DCASE Workshop and Freesound Day

The Detection and Classification of Acoustic Scenes and Events (DCASE) Workshop takes place at the Music Technology Group, Universitat Pompeu Fabra, Barcelona, Spain, Oct.29-31, 2025 (including BioDCASE that focuses on bio-acoustics on Oct.29). DCASE is an annual challenge and international conference on computational audio scene analysis and environmental audio AI. Prof. Shuo Zhang participates in DCASE 2025 in Barcelona, where he serves as the co-chair of industrial liaisons and a visiting researcher at the MTG from October 20 to October 31.

The Freesound 20th anniversary celebration event also takes place in the same week on October 28, 2025. Freesound.org is a premier platform for crowd sourced audio and sound recordings / sound effects sharing platform since 2005. In recent years, it has become an indispensable resource for numerous audio datasets in deep learning and audio AI, including the FSD50k dataset. The Freesound Day will include talks by the Freesound team and members of the community. Participants will share their personal and professional experiences with the platform, as well as highlight various projects that have emerged around it. There is also a composition competition using Freesound.

PhD thesis defense at MTG, UPF

Benno Weck (Music Technology Group, Universitat Pompeu Fabra) is presenting his doctoral thesis defense for PhD in Information and Communication Technologies on Oct 27, 2025, in Barcelona, Spain. Prof.Shuo Zhang is a thesis committee member in attendance. The thesis is entitled “Content-based retrieval in large-scale audio collections with natural language as the interface”. It is a body of research centered on the intersection between natural language processing and audio/music AI. This PhD thesis is supervised by Prof. Xavier Serra of MTG, UPF.

Abstract: Audio collections, ranging from music archives to environmental sound libraries, have been growing quickly. However, these vast resources remain largely underutilised due to sparse metadata and limited search capabilities. This thesis investigates content-based retrieval in large-scale audio collections using natural language as the interface, with the goal of enabling more intuitive and expressive access to audio content. We address three central challenges: system design, data availability, and evaluation.  For system design, we explore two primary directions. First, in audio captioning, we compare combinations of pretrained word embedding and machine listening models within a Transformer-based architecture. Second, in language-based retrieval, we investigate fine-tuning strategies for pretrained encoder models in a bi-encoder setup, considering different loss functions and the effects of augmenting training data with noisy audio-text pairs.
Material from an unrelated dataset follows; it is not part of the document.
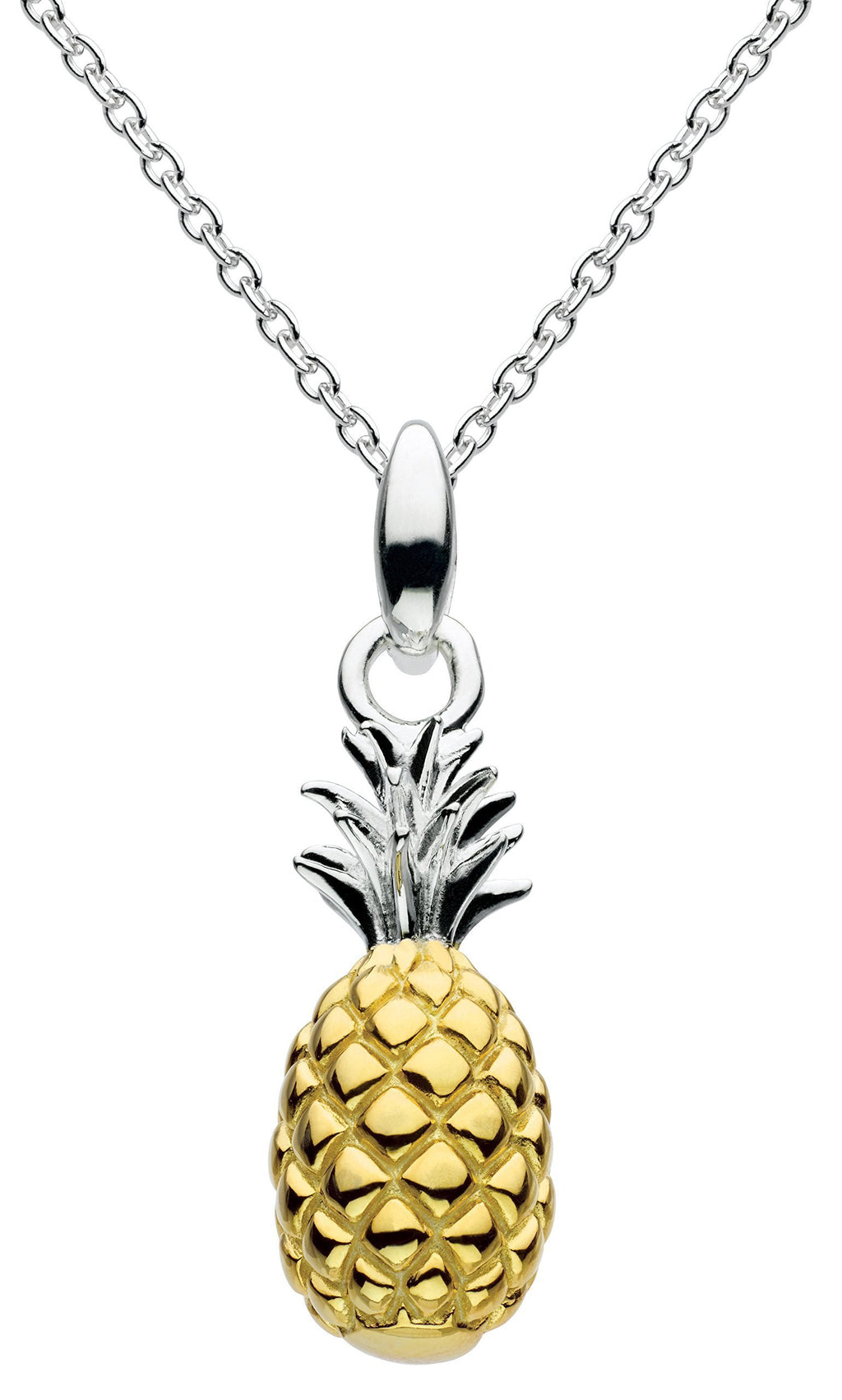 [Australia] - Dew Sterling Silver and Gold Plate Calypso 3D Pineapple Necklace of Length 45.7 cm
To address the scarcity of paired text-music data, we introduce two novel datasets: Song Describer, a crowd-sourced collection of music captions, and WikiMuTe, which pairs music audio with encyclopedic textual descriptions. These datasets provide new resources for both evaluating and training multimodal models. In our evaluation work, we identify data leakage issues in an existing benchmark and propose more realistic dataset splits. We also introduce MuChoMusic, a multiple-choice question-answering benchmark designed to assess music understanding in multimodal models. Additionally, a user study explores how system constraints shape natural language query behaviour, revealing a tendency toward short queries despite a willingness to provide more detailed input. Together, these contributions aim to advance the integration of natural language and audio understanding and lay the foundations for richer interaction with audio content.

Visionular CEO Zoe Liu Tufts ECE talk

Dr. Zoe Liu, CEO of Visionular

On September 26, 2025, Prof.Shuo Zhang invited Visionular CEO Dr.Zoe Liu to give a talk at the Tufts ECE Seminar (10:30-noon, JCC170), hosted by Prof. Yingjie Lao and AIDA collaborator, ECE PhD student Rui Chu. 30+ students and faculty from ECE, DA, and others attended the lecture, preceded/followed by faculty meeting and lunch with Rui Chu, Prof. Shuchin Aeron, Prof. Shuo Zhang and Prof. Peter Lu.